44話
- _ ぬぺ
- 2023年2月1日
- 読了時間: 8分
鹿の死するや音を択ばず いつもは優雅な声で鳴く鹿も、死ぬ時は悲鳴をあげ、美しい声が出せない。転じて、人が窮地におちいると節度を失った言動をすることのたとえ。
【あらすじ】
佐野の父親が亡くなったという報せが入った。
久しぶりに実家に戻った彼の運命がゆっくりと動き出す。
しかし、忘るるなかれ。
このゲームにおいて、幸せになることは死が近づくことを意味する。
【神崎優衣】
ミラーワールド内で兄のもとに合流。
兄の制止も聞かず、一緒にいると宣言するものの気を失い、結局(おそらく士郎の手によって)元の世界に呆気なく帰還。
ミラーワールドで起きたことは一切覚えていない。
真司と蓮は相談の末、優衣の身に起こったことは彼女に伝えないこととなりました。
この辺の謎は次回明かされそうな気配がするので、それを信じたいと思います。
【東條悟】
佐野の家に居候中の大学生。
北岡・浅倉がトラウマになったか、佐野の家の窓ガラスは全て閉め、テレビは布団で覆い、鏡は殴って割る。正直ここまでとは思わなかったが、いやそれよりなにより人の家よ、人の家。
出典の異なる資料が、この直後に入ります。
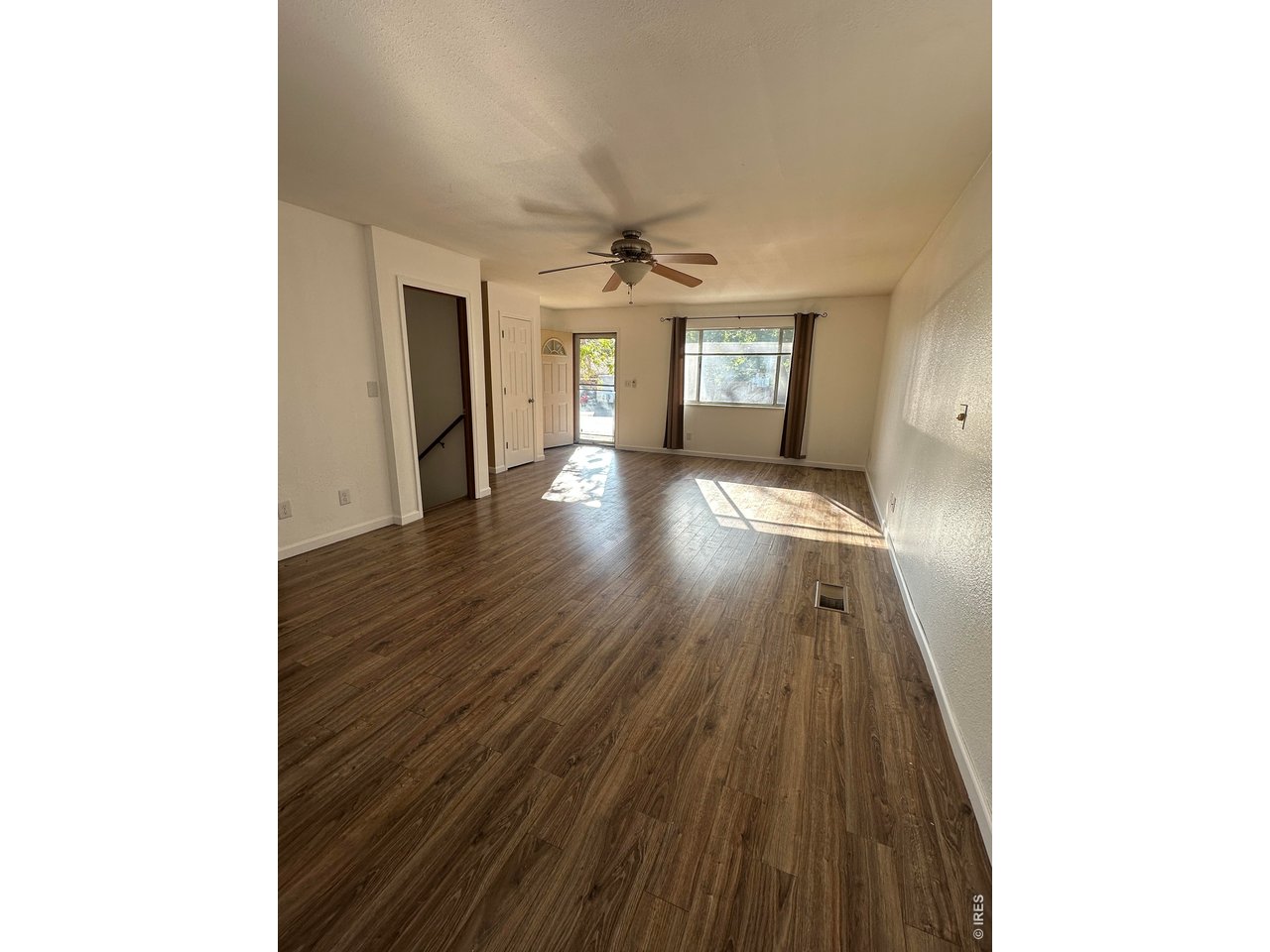 268 Fifth Street Firestone, CO 80520 - Photo 9 of 25 a view of a hallway with wooden floor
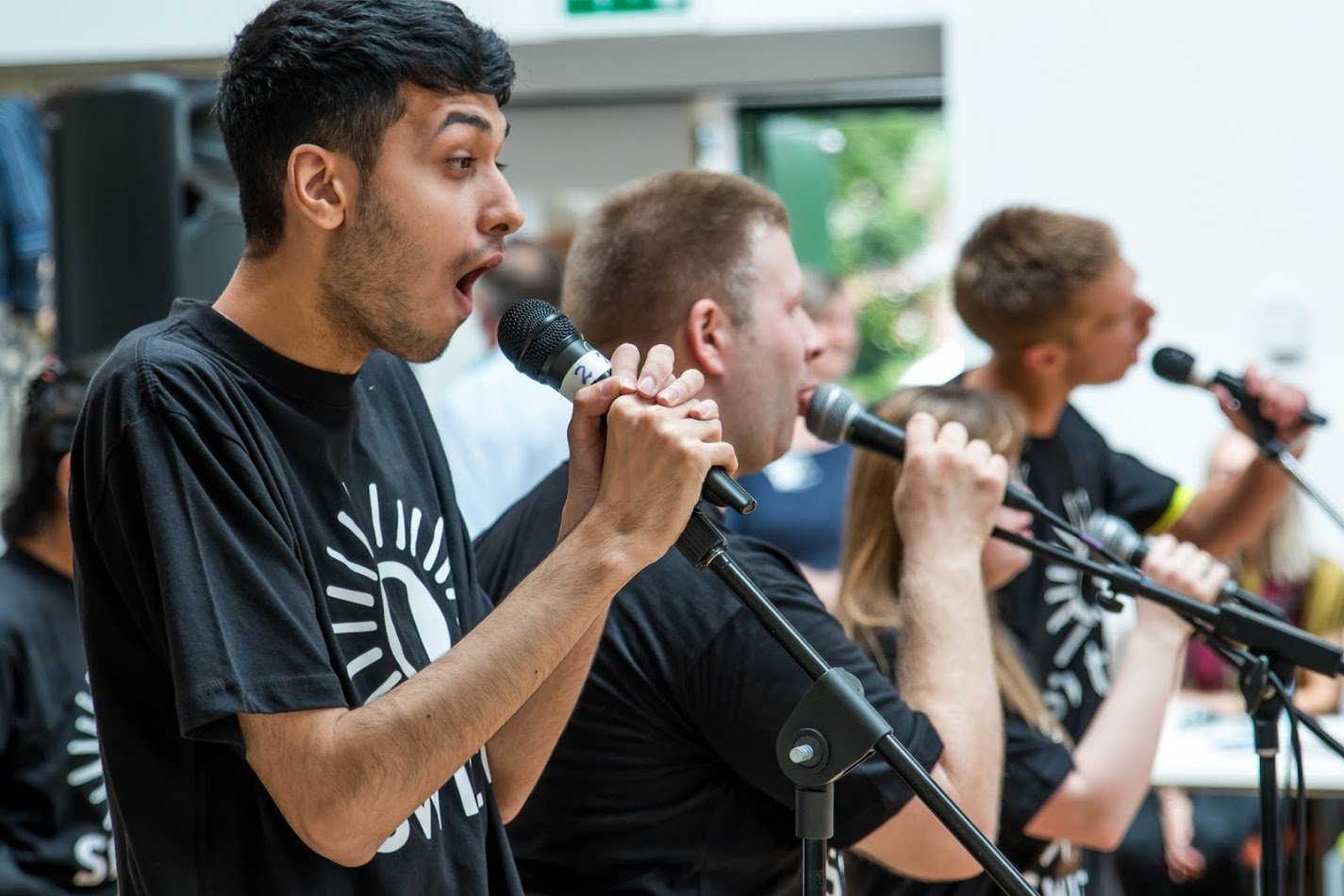 Photo of three young men singing with microphones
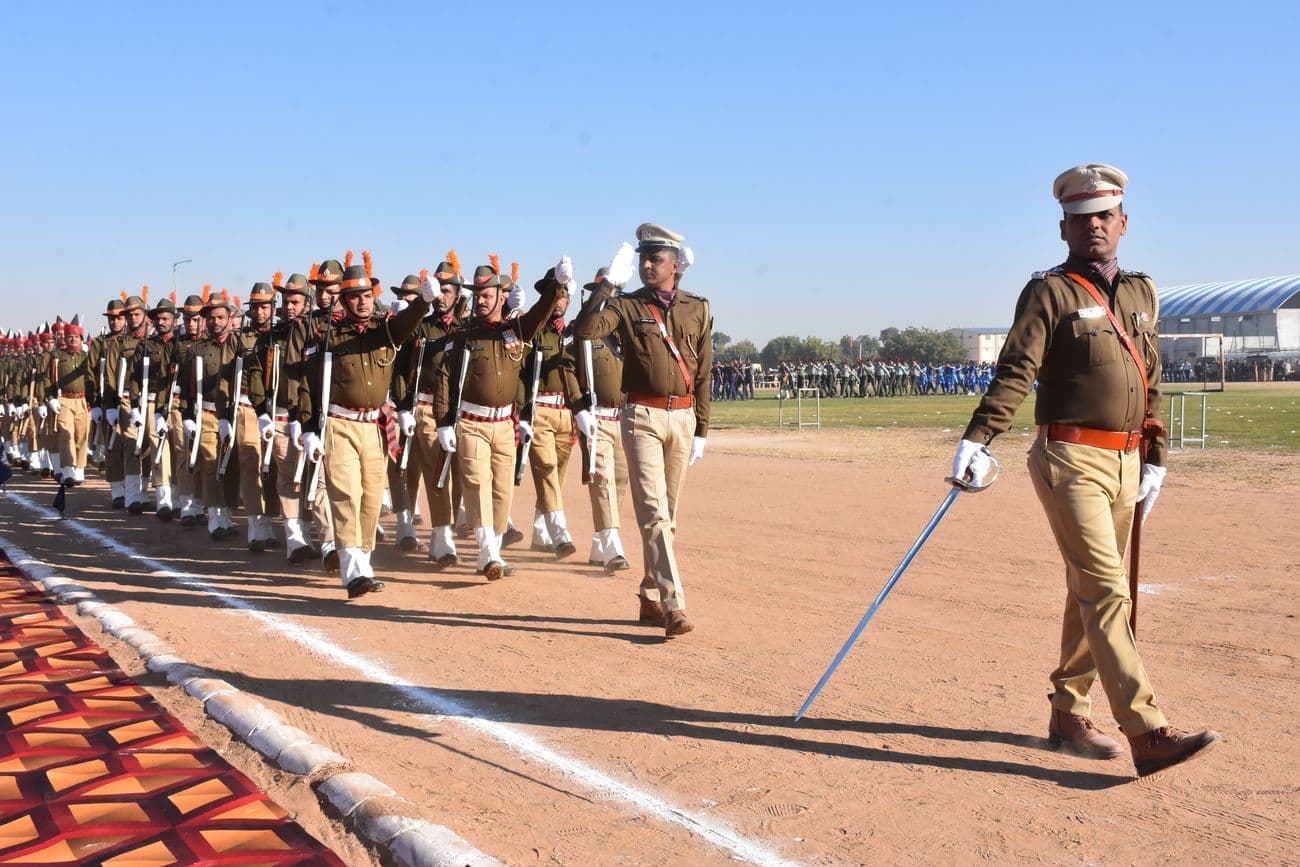 Tricolor of Republic hoisted with pride, salute of march past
彼が英雄になりたいと思った理由は、「そうすれば、みんなが好きになってくれるかもしれない」から。
根本的に他人の気持ちが分かっていないから好かれなくて、他人の気持ちが分かっていないから「人を殺してでも英雄になる」なんて発想になる。
というか彼は他に「英雄」って見たこと無いの? 物語とかゲームとか……やってなさそうなだなぁ……。
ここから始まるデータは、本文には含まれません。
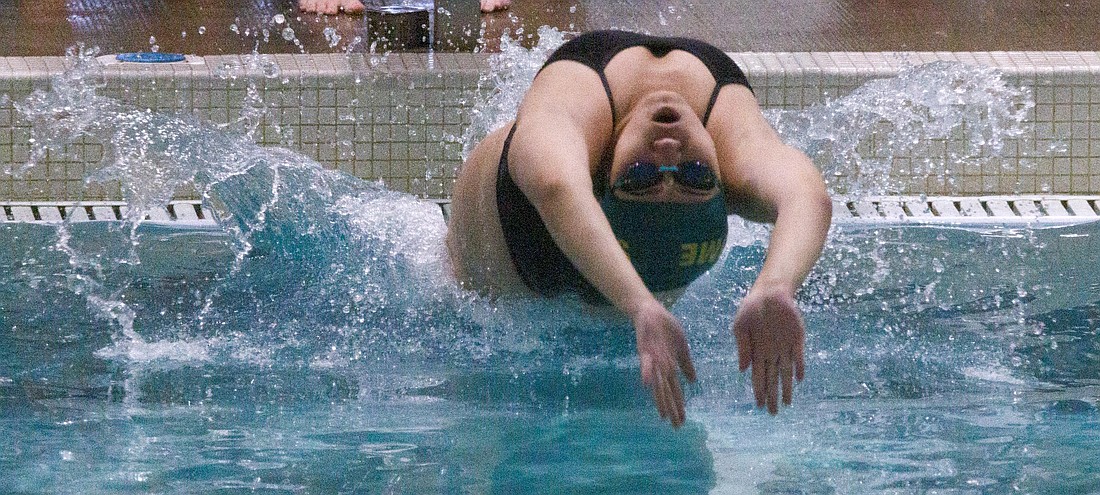 Sehome’s Luna Lee launches herself into the pool to swim the backstroke for the 200-yard medley relay as the Mariners took on Oak Harbor in a swim meet at Arne Hanna Aquatic Center on Oct. 21.
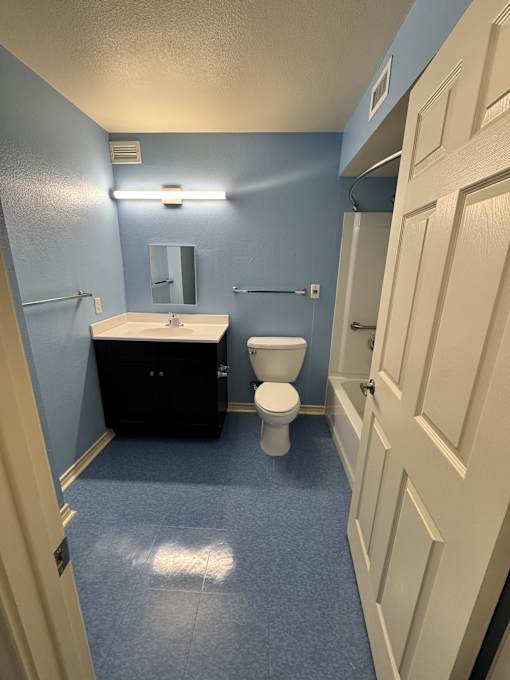 A bathroom with blue walls and a white sink.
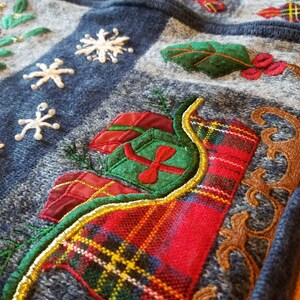 May include: A blue knitted fabric with embroidered Christmas designs. The design features a red and green plaid sleigh with a green and red gift box, a gold trim, and a brown ornate design.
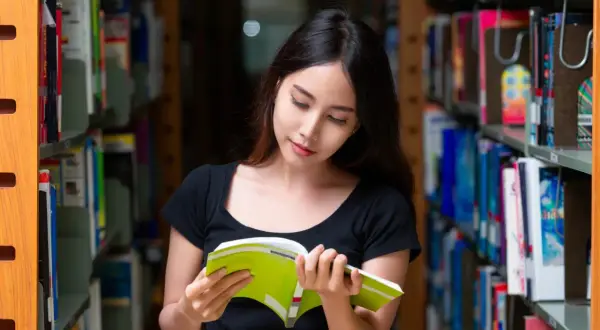 Młoda kobieta w bibliotece, pochłonięta lekturą. Czy jej oceny pozwolą jej uzyskać stypendium?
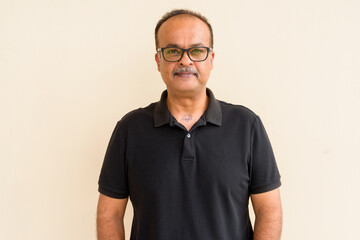 Portrait of handsome Indian man with mustache against plain wall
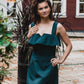 beautiful lady in an emerald green two-piece dress, that consists of a ruffled top and a mini skirt with pockets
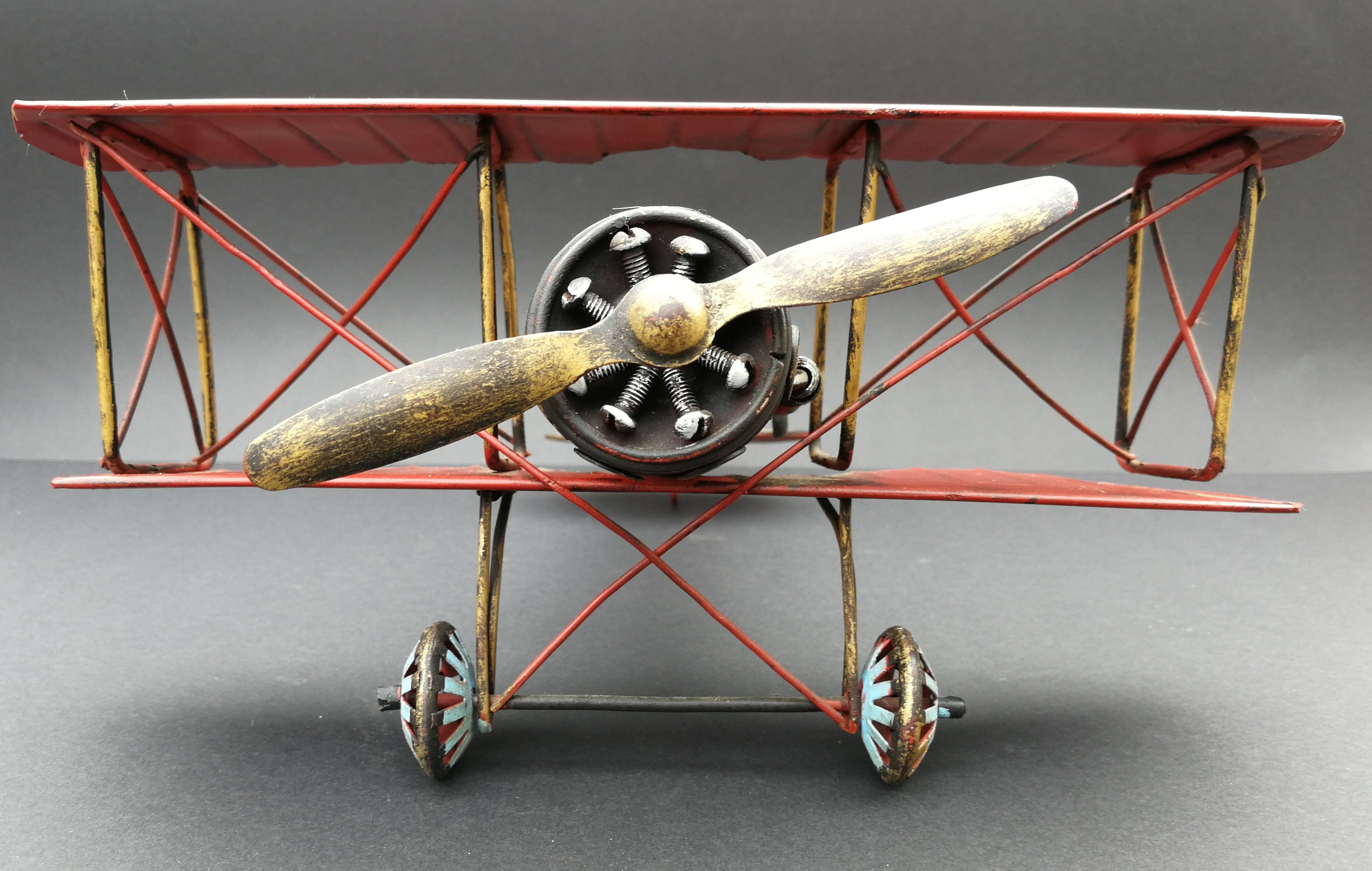 Tin aeroplane. Red and black. Hand made. Front view.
その後。お弁当を持って帰って来てくれた佐野と少し話す。
●「なあ、ちょっと聞きたいんだけど……オタク俺の事どう思ってるわけ?」
●「……感謝してる。香川先生以外で、こんなに優しくしてくれたの、君が初めてだし。」
●「友達だよな、俺たち」
無言で頷く東條。
多分その姿は、佐野には見えていない。
【佐野満】
父親が亡くなった報せを受け、向かった場所は高層ビルの一室。
なんと彼、大きな企業の御曹司でした。
彼の父親は一代で事業を成功させた実力者。
佐野はそんな父に勘当されていたものの、その「勘当」は実はいわゆる社会勉強。1人で生きてもらい、彼の成長を待っていたという。
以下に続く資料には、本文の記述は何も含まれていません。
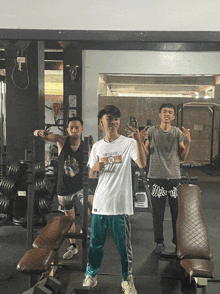 a man in a white shirt with the number 10 on it stands in a gym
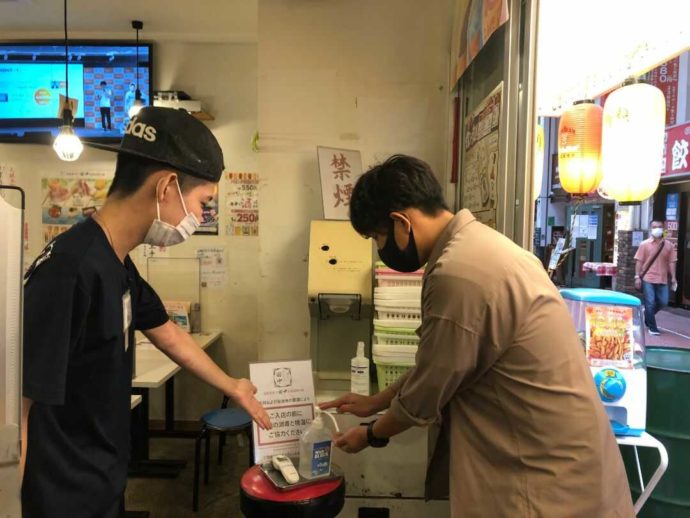 『串カツ田中 大宮店』入り口で消毒を促す店員と消毒中のお客さま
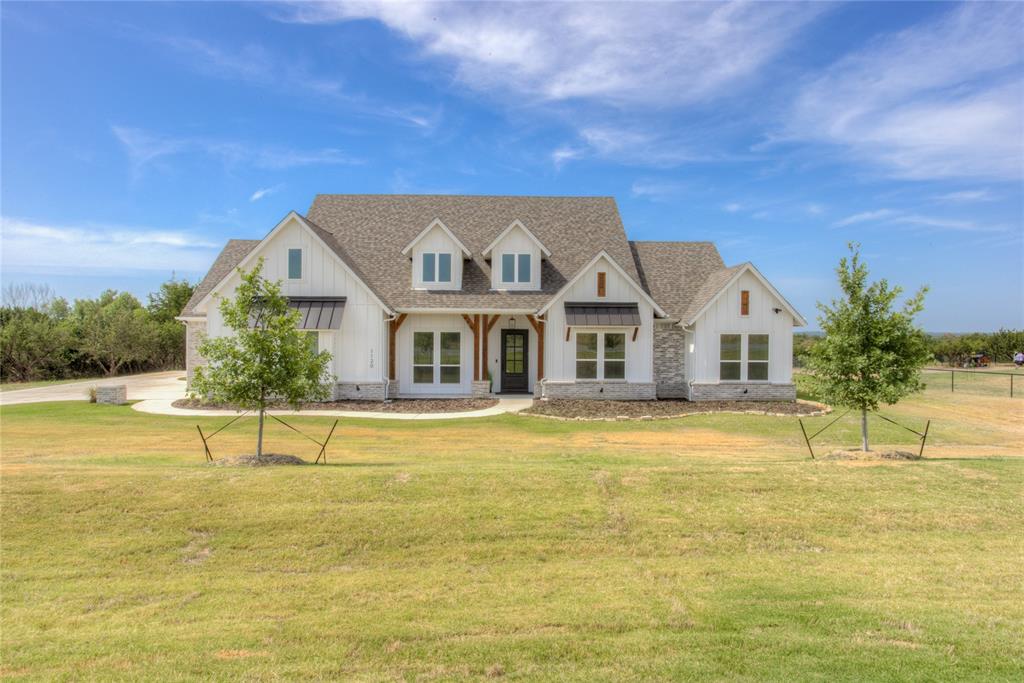 Experience the breathtaking sunrise and sunsets at this ranchette property in Stagecoach Ranch. Located just minutes away from downtown Weatherford, this property is nearly 4 acres with a wet weather creek running across it and scattered trees in the back acreage. Entertain on this Texas sized island while enjoying the sunset views from the kitchen or watching a fire in the beautiful ceiling length stone gas fireplace. Extra large chandeliers, designer lighting, and custom finishes throughout the house are breathtaking. The owner's suite boats a standalone tub, oversized glass shower, and giant master closet, with rods complete to the top. The neighborhood has only 43 homesites and all lots over 3 acres. Enjoy the community fishing pond and great HOA this neighborhood has to offer. This house is on well and septic, with no city taxes and includes a brand new water filtration system and softener.  See docs for floor plan. Buyer to verify all information.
その結果がお金大好き兄ちゃんになっていますが大丈夫なんでしょうか。
そんな父親の遺言は、満を後継ぎとしてここから会社を盛り上げていくこと。
反対勢力もいるみたいですが、そこは金の力でなんとかなると。嫌な大人。そもそもあの重役さんたちも本当に満のことを思っているのか…。「しばらくは自分たちがサポートする」という旨の発言に、摂関政治が頭をよぎる。
何はともあれ、社長になった。
すなわち、彼はもう戦う理由が無くなってしまったのである。
翌日。
パリッとしたスーツを着こなした佐野は、重役のお迎えのもと出勤。
汚れた車は、その場にいた男に万札を握らせて洗ってもらう。完全に金持ち人生謳歌モードに入りました。
汚い大人を見て育った金持ちは汚い大人になるわね。
そこに現れたのは士郎。
佐野はカードデッキの返却を申し出るが、もちろん士郎の答えはノー。そりゃそうだ、士郎的には自分の目的もかかったゲームなんだから。ということで、手持ちモンスターをちらつかせて、「デッキ捨てるなら対抗手段無くなるけど大丈夫そ?」と脅し。
このゲームマスターやりたい放題である。
流石にいい方向に流れ始めたのに命を失うわけにはいかない佐野。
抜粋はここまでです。